◆ **WHAT YOU HAVE TO DO**
Write the listing below out again exactly, though only as far as the line with "CAMILA online show", which is included.

◆ **DATASET RECORDS**
+++

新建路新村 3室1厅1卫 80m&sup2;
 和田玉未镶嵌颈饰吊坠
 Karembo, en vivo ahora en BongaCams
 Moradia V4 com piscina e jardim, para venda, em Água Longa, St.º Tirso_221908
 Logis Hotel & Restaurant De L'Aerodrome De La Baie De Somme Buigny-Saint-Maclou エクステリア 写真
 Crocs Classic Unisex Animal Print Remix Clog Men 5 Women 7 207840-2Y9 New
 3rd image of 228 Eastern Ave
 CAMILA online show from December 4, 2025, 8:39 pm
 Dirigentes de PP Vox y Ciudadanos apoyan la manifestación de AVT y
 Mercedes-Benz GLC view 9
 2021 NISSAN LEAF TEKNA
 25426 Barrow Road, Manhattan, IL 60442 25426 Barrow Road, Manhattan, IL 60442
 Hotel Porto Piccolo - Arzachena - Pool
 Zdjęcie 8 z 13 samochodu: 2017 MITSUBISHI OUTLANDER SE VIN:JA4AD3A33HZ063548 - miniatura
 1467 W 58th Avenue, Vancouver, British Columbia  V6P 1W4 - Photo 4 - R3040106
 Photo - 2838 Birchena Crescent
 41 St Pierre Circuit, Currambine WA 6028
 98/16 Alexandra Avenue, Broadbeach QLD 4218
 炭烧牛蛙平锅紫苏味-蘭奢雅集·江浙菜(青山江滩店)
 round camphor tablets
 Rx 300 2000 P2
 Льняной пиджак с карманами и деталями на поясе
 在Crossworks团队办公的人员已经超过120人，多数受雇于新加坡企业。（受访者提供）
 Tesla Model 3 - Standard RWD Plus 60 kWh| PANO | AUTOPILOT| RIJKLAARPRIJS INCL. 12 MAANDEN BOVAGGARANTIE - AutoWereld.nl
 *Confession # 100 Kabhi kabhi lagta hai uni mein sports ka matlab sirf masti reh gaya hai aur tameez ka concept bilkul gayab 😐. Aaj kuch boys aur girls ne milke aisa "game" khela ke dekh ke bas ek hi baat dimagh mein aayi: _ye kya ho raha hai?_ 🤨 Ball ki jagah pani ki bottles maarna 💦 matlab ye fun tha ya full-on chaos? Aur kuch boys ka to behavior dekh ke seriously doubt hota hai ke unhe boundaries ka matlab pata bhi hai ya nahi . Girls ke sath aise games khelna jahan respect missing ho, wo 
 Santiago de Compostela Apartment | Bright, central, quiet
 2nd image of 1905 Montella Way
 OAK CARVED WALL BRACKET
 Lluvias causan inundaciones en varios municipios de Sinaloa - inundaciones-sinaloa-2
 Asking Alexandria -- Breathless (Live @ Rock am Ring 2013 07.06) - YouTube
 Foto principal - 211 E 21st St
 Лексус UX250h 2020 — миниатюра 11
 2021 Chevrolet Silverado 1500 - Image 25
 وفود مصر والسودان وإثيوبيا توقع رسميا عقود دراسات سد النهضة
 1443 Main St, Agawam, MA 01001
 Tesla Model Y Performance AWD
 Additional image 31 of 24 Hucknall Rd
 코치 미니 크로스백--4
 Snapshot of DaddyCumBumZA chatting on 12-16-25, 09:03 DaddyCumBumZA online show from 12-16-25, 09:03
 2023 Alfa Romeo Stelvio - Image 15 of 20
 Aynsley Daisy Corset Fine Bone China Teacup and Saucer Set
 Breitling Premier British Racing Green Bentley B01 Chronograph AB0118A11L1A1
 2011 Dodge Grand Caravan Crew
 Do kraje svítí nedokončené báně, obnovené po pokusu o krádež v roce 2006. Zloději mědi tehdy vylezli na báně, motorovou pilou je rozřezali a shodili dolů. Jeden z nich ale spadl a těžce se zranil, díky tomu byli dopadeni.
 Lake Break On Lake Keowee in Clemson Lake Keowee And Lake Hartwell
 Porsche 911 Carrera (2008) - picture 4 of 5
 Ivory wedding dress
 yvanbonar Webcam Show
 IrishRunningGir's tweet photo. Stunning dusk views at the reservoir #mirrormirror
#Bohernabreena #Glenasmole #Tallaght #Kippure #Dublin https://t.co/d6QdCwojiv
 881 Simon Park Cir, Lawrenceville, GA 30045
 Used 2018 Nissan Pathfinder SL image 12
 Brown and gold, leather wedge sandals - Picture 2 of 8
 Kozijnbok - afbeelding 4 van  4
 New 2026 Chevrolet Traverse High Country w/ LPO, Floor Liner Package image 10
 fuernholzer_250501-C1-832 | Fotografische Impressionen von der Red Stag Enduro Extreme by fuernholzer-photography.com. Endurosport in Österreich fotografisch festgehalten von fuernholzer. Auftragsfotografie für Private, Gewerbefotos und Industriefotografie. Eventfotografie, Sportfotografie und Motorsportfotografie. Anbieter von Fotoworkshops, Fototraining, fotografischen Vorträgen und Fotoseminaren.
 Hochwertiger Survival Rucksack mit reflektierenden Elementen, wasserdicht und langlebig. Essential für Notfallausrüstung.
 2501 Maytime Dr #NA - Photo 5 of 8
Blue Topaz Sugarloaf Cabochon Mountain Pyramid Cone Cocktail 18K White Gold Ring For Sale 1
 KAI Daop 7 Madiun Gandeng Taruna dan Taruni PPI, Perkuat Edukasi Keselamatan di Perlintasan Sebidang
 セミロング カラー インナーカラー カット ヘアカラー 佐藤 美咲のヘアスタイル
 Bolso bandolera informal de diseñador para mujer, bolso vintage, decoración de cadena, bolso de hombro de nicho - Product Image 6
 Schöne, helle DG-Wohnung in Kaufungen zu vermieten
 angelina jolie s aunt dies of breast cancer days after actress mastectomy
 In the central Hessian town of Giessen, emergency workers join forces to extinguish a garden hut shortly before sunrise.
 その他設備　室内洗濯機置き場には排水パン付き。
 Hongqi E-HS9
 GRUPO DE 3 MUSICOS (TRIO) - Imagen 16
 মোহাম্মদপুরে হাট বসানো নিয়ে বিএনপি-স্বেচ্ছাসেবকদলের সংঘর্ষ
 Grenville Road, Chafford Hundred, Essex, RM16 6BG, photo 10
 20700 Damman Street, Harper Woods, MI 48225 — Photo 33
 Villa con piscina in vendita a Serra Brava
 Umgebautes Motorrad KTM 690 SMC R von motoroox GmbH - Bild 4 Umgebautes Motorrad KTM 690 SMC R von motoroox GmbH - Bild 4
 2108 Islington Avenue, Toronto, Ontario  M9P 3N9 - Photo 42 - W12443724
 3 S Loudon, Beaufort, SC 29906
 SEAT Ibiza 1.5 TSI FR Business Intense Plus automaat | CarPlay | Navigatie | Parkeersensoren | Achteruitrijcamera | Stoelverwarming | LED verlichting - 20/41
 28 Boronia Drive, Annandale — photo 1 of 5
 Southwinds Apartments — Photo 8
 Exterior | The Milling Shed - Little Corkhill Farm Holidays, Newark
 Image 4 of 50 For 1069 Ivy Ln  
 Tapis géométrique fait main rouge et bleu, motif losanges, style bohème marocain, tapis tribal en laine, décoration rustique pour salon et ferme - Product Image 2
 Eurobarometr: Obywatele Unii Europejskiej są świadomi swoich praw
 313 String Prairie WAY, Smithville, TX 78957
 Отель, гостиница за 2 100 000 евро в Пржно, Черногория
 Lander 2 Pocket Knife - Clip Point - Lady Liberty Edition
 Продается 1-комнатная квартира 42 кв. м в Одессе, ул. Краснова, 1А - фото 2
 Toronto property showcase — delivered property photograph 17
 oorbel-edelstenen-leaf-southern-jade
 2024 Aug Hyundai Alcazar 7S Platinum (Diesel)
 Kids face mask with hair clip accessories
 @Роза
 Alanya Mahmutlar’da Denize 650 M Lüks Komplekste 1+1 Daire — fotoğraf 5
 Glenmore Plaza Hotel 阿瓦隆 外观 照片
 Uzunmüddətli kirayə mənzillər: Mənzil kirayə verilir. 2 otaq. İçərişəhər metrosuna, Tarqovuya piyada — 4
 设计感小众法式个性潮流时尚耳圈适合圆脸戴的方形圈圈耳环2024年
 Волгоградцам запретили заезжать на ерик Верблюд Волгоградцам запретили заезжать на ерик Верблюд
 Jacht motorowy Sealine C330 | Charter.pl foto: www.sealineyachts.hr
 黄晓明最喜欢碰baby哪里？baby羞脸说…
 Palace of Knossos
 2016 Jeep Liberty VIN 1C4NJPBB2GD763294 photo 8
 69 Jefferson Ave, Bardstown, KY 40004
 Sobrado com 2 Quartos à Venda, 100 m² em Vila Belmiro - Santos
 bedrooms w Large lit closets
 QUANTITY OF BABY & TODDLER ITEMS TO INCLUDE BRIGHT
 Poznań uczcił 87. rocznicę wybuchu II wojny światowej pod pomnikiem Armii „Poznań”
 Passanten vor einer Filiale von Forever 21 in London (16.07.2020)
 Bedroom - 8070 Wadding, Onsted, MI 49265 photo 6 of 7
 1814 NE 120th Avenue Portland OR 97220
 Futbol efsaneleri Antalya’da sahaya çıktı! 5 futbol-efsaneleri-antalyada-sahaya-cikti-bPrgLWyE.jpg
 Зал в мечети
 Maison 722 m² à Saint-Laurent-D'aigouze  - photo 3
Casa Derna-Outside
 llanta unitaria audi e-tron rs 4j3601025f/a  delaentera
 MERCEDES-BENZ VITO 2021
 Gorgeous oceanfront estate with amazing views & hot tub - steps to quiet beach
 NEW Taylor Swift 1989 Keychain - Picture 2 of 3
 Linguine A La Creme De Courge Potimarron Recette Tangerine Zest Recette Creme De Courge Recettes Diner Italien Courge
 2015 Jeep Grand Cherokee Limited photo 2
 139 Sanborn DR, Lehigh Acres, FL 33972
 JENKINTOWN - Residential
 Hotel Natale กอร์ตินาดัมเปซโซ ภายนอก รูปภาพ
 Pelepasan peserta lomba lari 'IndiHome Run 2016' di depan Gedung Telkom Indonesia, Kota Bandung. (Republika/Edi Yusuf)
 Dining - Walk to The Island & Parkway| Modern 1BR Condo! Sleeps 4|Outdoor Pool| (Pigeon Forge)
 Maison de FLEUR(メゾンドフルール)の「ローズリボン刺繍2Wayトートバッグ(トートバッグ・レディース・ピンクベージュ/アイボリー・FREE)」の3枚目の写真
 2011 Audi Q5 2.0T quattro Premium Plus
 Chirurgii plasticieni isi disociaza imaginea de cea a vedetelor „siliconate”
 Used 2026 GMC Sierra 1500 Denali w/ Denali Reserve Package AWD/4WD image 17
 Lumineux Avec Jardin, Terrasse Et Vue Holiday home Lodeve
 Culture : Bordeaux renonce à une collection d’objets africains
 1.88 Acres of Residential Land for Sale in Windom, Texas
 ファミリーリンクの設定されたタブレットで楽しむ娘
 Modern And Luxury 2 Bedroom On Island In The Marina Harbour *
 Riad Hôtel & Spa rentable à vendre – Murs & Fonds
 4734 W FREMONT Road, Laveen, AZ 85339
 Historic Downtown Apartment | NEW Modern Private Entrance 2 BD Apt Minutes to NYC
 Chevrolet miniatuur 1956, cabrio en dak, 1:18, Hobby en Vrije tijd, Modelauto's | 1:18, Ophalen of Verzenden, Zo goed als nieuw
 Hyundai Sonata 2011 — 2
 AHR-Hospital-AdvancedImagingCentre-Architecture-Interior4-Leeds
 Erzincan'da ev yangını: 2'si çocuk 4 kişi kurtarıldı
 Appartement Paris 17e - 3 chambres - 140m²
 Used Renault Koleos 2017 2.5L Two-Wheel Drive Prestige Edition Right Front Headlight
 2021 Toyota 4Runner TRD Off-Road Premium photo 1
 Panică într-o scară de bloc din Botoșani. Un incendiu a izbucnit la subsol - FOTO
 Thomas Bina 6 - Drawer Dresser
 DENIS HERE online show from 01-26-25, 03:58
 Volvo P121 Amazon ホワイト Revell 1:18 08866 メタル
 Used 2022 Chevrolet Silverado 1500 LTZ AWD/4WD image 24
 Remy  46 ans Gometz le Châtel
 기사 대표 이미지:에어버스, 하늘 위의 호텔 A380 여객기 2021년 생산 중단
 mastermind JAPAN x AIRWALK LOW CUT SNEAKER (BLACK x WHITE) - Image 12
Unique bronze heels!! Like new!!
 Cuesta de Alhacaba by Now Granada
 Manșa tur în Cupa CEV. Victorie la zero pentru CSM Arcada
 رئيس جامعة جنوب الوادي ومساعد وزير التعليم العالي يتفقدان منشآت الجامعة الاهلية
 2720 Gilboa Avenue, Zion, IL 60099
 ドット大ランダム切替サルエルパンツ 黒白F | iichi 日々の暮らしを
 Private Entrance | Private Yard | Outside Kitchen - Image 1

+++

◆ **TASK SOLUTION**
新建路新村 3室1厅1卫 80m&sup2;
 和田玉未镶嵌颈饰吊坠
 Karembo, en vivo ahora en BongaCams
 Moradia V4 com piscina e jardim, para venda, em Água Longa, St.º Tirso_221908
 Logis Hotel & Restaurant De L'Aerodrome De La Baie De Somme Buigny-Saint-Maclou エクステリア 写真
 Crocs Classic Unisex Animal Print Remix Clog Men 5 Women 7 207840-2Y9 New
 3rd image of 228 Eastern Ave
 CAMILA online show from December 4, 2025, 8:39 pm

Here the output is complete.